STUDY MATERIAL >>
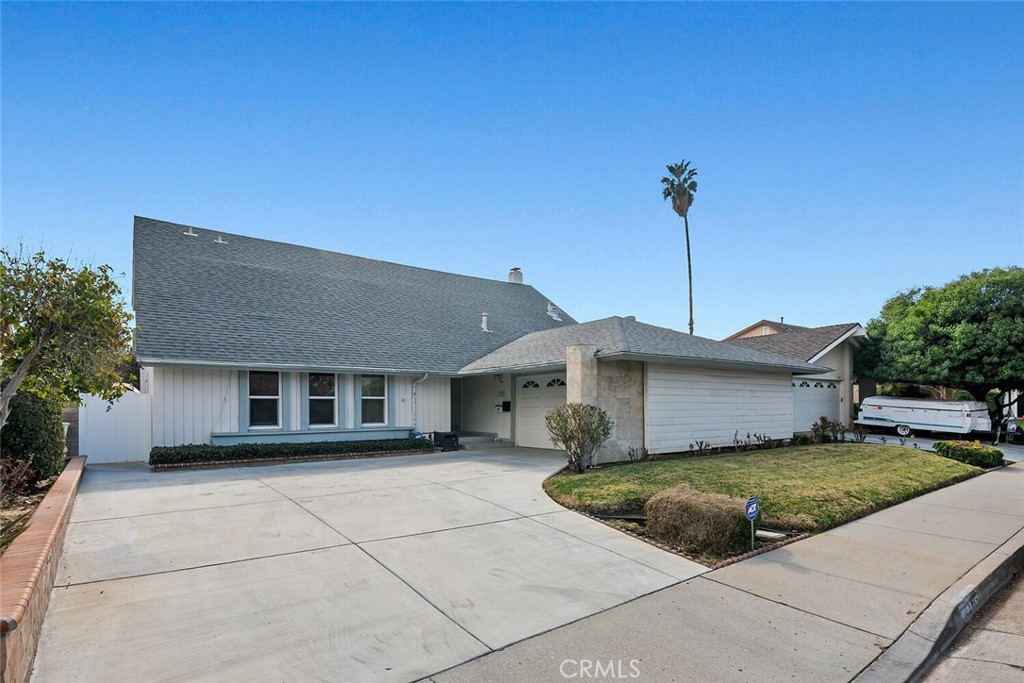 MLS #SR25250304 image #39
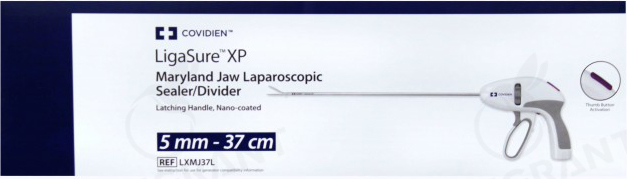 LXMJ37L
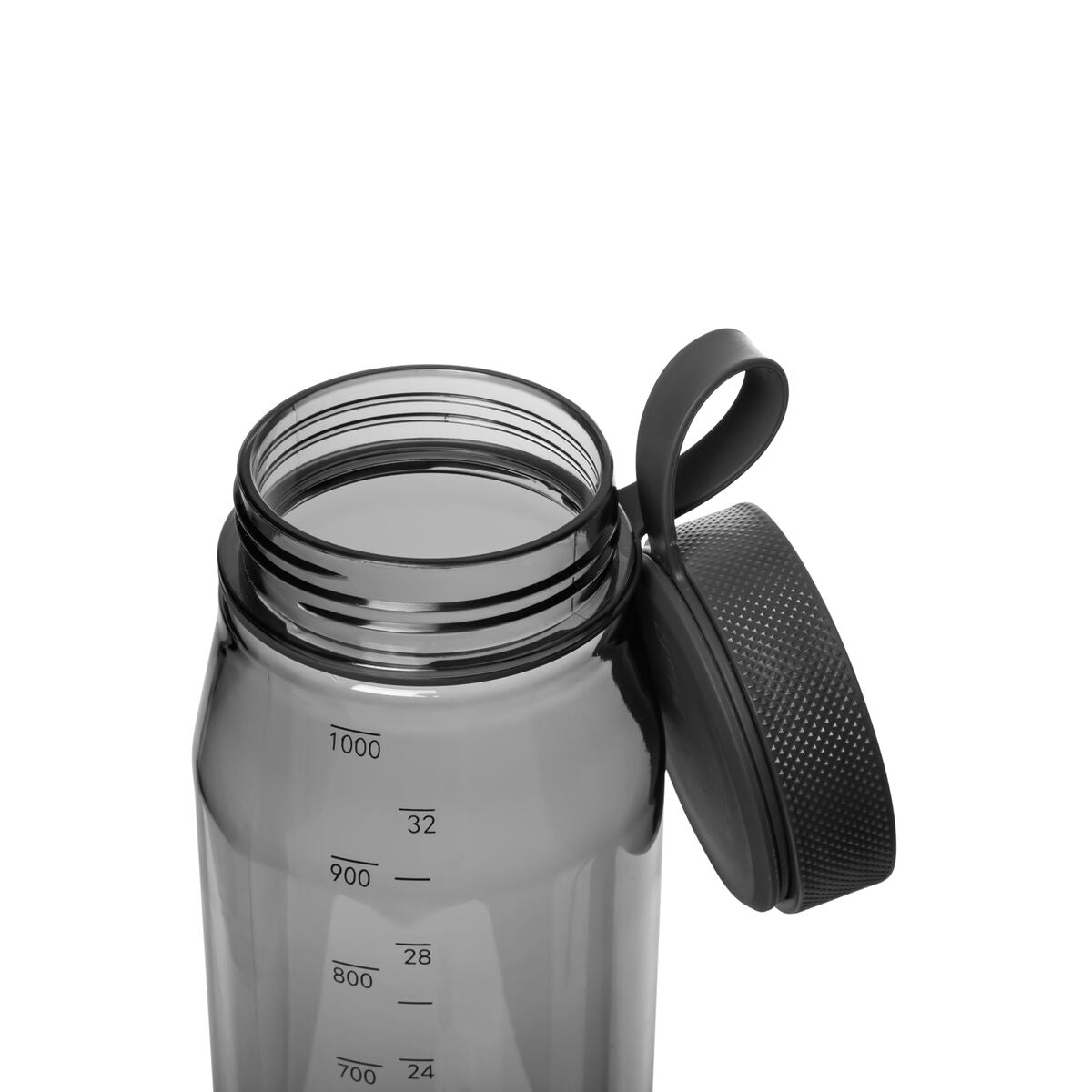 everywhere-bottle-d9 WebPDP-33oz_Everywhere_Bottle_Basal__EWB1PN32202_X2Studio_TetherTwist2.jpg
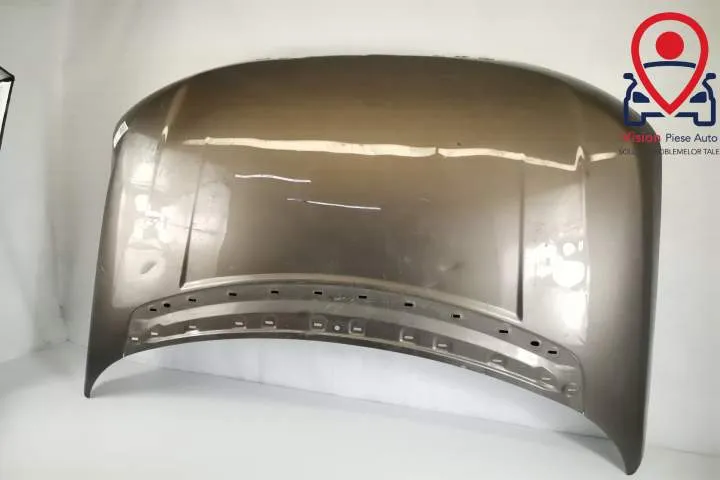 Capota Motor Originala Land Rover  Range Rover Vogue  4 [2012 - 2017] - Foto 3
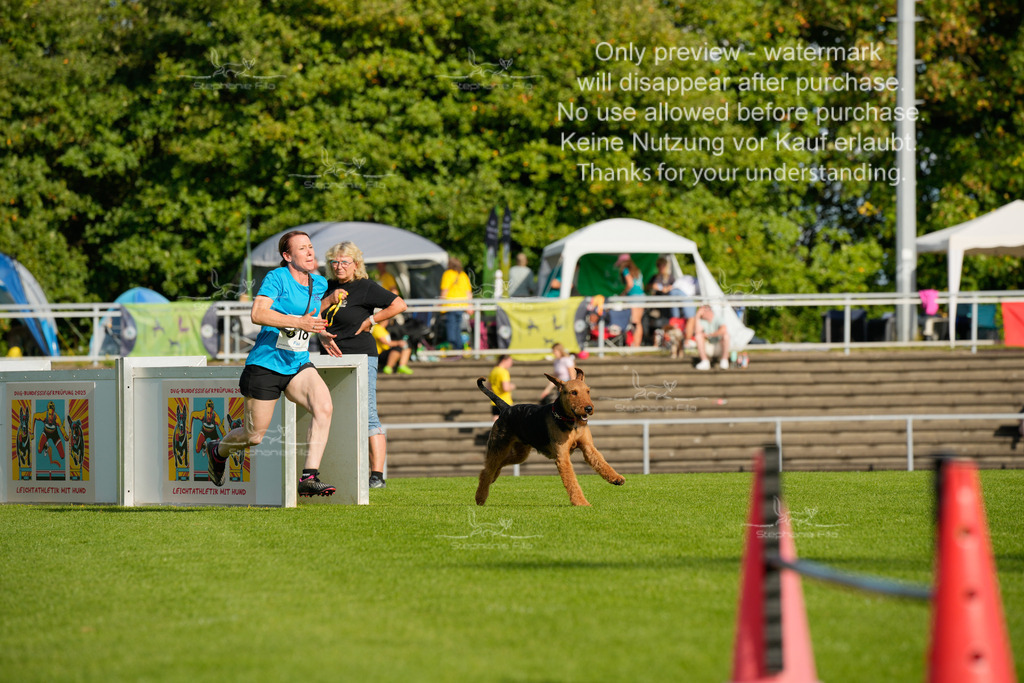 Samstag_CSC (1460 von 2023) | stephaniefillaphotographie - Realisiert mit Pictrs.com
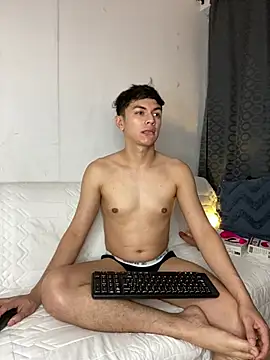 Caydensmit online show from March 2026 04:03:01 AM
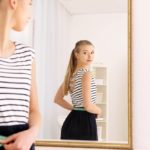 デリヘルやソープランドなど風俗バイトでの面接内容を詳しく解説！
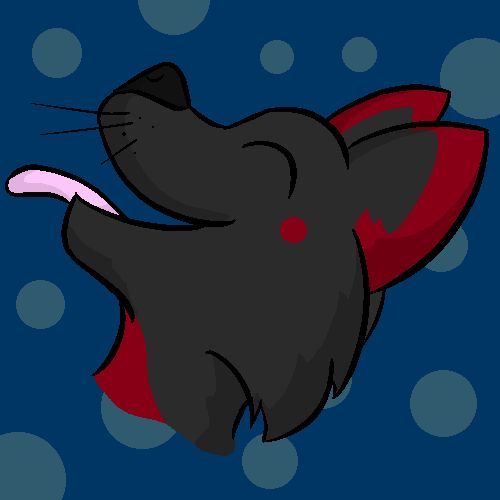 Kyu Icon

ASSIGNMENT >> Could you transcribe every entry exactly, leaving out the pictures?

REPLY >>
 MLS #SR25250304 image #39
 LXMJ37L
 everywhere-bottle-d9 WebPDP-33oz_Everywhere_Bottle_Basal__EWB1PN32202_X2Studio_TetherTwist2.jpg
 Capota Motor Originala Land Rover  Range Rover Vogue  4 [2012 - 2017] - Foto 3
 Samstag_CSC (1460 von 2023) | stephaniefillaphotographie - Realisiert mit Pictrs.com
 Caydensmit online show from March 2026 04:03:01 AM
 デリヘルやソープランドなど風俗バイトでの面接内容を詳しく解説！
 Kyu Icon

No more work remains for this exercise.